Farmers block the A35 motorway with tractors as they protest against the government's nitr
SEM VAN DER WAL/ANP/AFP via Getty Images

Dutch farmers once again took to the motorways of the Netherlands to deploy flaming bales of hay as makeshift road blocks.

On the eve of negotiations between the government’s mediator and 20 farmers’ associations, protestors put on a show of force, repeating last weeks tactics of covering motorways with burning bales of hay.

According to a report from Dutch public broadcaster Nederlandse Omroep Stichting (NOS), about fifteen tractors had been witnessed gathering in the Brinkhofweg area of the A30 highway on Thursday before a fire was set around 8:30 pm. On the A1 motorway near Terschuur tractors were also seen before a pile of garbage was set ablaze.

Both fires were put out by local fire bridges and no injuries were reported.

Last week, motorways across the country were forced to shut down with tyres, garbage, hay, and other waste being strewn about by farmer protesters.

On Friday, major farming associations, including the LTO — which had previously rejected calls for talks unless the government scrapped its pledge to cut nitrogen emissions in half by the end of the decade — agreed to sit down with PM Mark Rutte’s handpicked negotiator, former deputy prime minister Johan Remkes.

Ahead of the meeting, the leader of the right-wing populist Party for Freedom, Geert Wilders warned the farmers that they should not trust the government to act in good faith during the negotiations.

“Dear farmers,” Wilders wrote on Twitter, “good luck today, but don’t forget: Rutte is an unreliable liar. And demand the signature of [Minister of Finance] Sigrid Kaag, not Rutte, because she is the boss in the cabinet and [the Democrats 66 party], the biggest farmer haters in the Netherlands.”

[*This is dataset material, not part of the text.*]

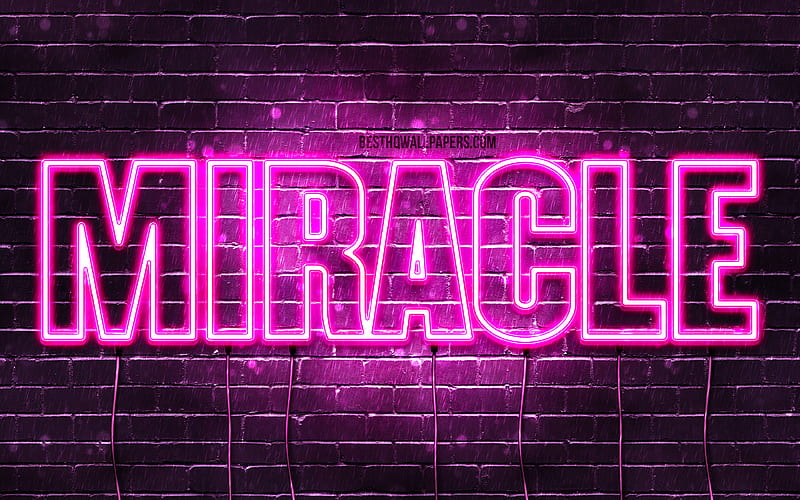 Miracle with names, female names, Miracle name, purple neon lights, horizontal text, with Miracle name, HD wallpaper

The protests, which have now entered their third month, have seen thousands of Dutch farmers use their tractors to block roads and key infrastructure in response to the EU-driven agenda of globalist Prime Minister Mark Rutte, who has vowed to cut nitrogen emissions by 50 per cent, which could see upwards of 30 per cent of farms shut down, threatening the livelihoods of thousands, many of whose families have worked the land for generations.

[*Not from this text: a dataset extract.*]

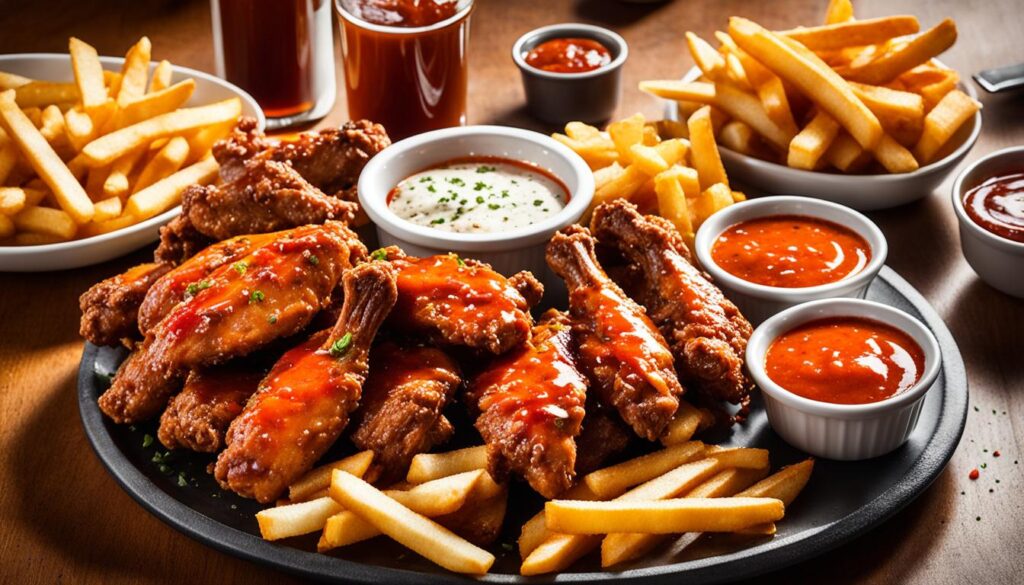 Buffalo chicken wings and beef on weck Buffalo chicken wings and beef on weck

Rutte’s liberal coalition government — of which the leftwing Democrats 66 party is a member — has said that the move is necessary to abide by European Union diktats on wildlife preservation. Yet, farmers have argued in turn that other member states have not enacted such extreme measures, and therefore they have been put at an unfair disadvantage.

Though the farmers have taken extreme actions, such as lighting fires on motorways, the public support for the movement has remained strong, with four-in-ten supporting the farmers and and 71 per cent saying that they understand why the anger against the government’s nitrogen cap plan.